Environment Artist chez Ubisoft Montpellier, Paolo Dupuy nous parle de son job sur Prince Of Persia – The Lost Crown, sa vision sur l’Intelligence Artificielle, son process créatif en tant qu’Environment Artist.
Est-ce que tu as des anecdotes particulières sur Prince of Persia, sur votre fonctionnement, sur le travail en équipe ?
Le travail chez Ubisoft à Montpellier, et particulièrement dans l’équipe de Prince of Persia, a été assez exceptionnel. Il y avait une synergie d’équipe formidable, avec des leads, des managers, et des dirigeants de qualité. L’équipe qui a initié le projet et qui l’a suivi jusqu’au bout était composée de personnes ayant de grandes qualités humaines. Il y avait une vraie réflexion sur ce qu’est un bon management et une humilité, une capacité à admettre que l’on ne sait pas tout du bon management. Cela a créé un environnement très sain et constructif, notamment pour nous, les juniors.

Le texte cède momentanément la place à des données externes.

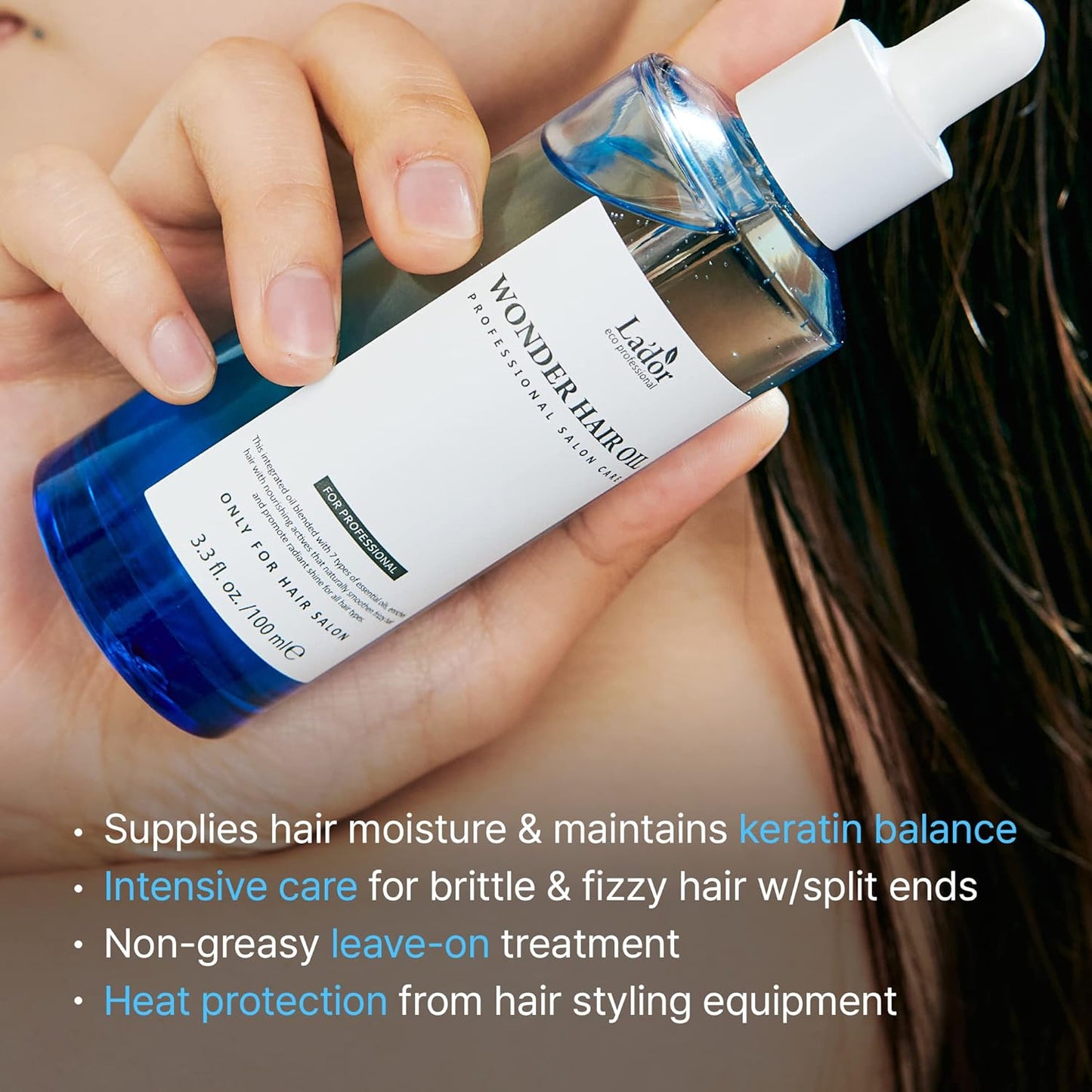 LADOR Wonder Hair Oil (100ml) Korean Lightweight Hair Oil with 7 Essential Plant Oil & Vitamin E, Deep Moisture, Frizz Control, Heat Protection & Shine Booster, Smooths Dry, Damaged Hair, Non-Greasy, Soft, Glossy Finish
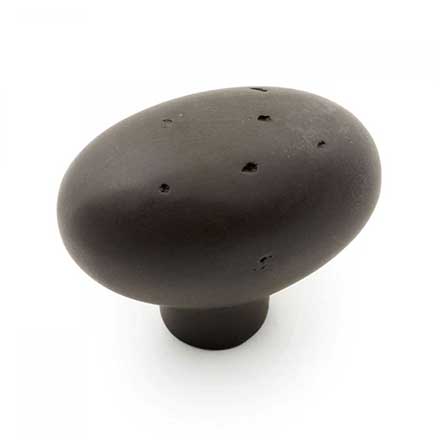 RK International [CK-710-RB] Solid Brass Cabinet Knob - Distressed Heavy Egg - Oil Rubbed Bronze Finish - 1 13/16&quot; L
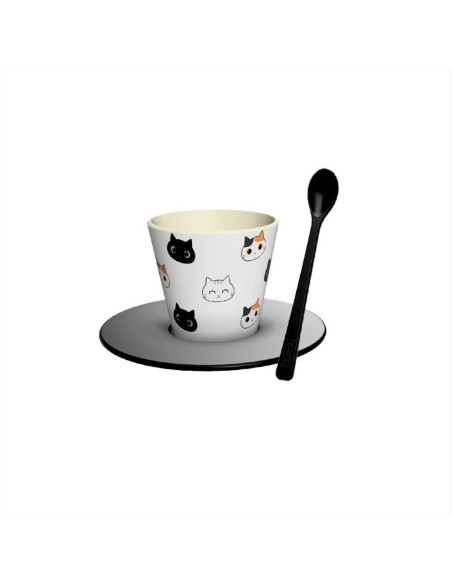 Set Tazzina Espresso 90ml CAT iDRINK con Cucchiaino e Piattino – RPET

On fonctionnait dans un mode très horizontal, où, au lieu de hiérarchie stricte, il y avait plutôt des rôles différents, interchangeables si nécessaire, et une complémentarité entre tous. Chacun avait sa place et chacun était écouté. Notre avis comptait, on était impliqués dans le projet, et ils valorisaient vraiment ce que nous, en tant que juniors, pouvions apporter. L’équipe était composée de membres de presque tous les âges, allant de jeunes de 23 ans jusqu’à des personnes de 65 ans. Ce mélange de générations a rendu la collaboration très enrichissante. Les plus expérimentés apprenaient aussi des plus jeunes, et il n’y avait pas de place pour l’ego. Cela a permis de produire un jeu qui a reçu d’excellentes critiques, ce qui est, je pense, le signe d’une production réussie.
Combien de personnes étaient sur le projet ?
Au début, le projet a duré quatre ou cinq ans depuis son lancement. Pendant les deux ou trois premières années, une petite équipe travaillait sur des prototypes peu avancés. Il y avait une cinquantaine de personnes pendant environ un an, puis nous sommes montés à une centaine pendant un an et demi. Six mois avant la sortie, nous étions environ 150, et ensuite, pour les mises à jour et les contenus additionnels, l’équipe est redescendue à une cinquantaine de personnes.
Qu’est-ce qui te plaît le plus dans ton métier ?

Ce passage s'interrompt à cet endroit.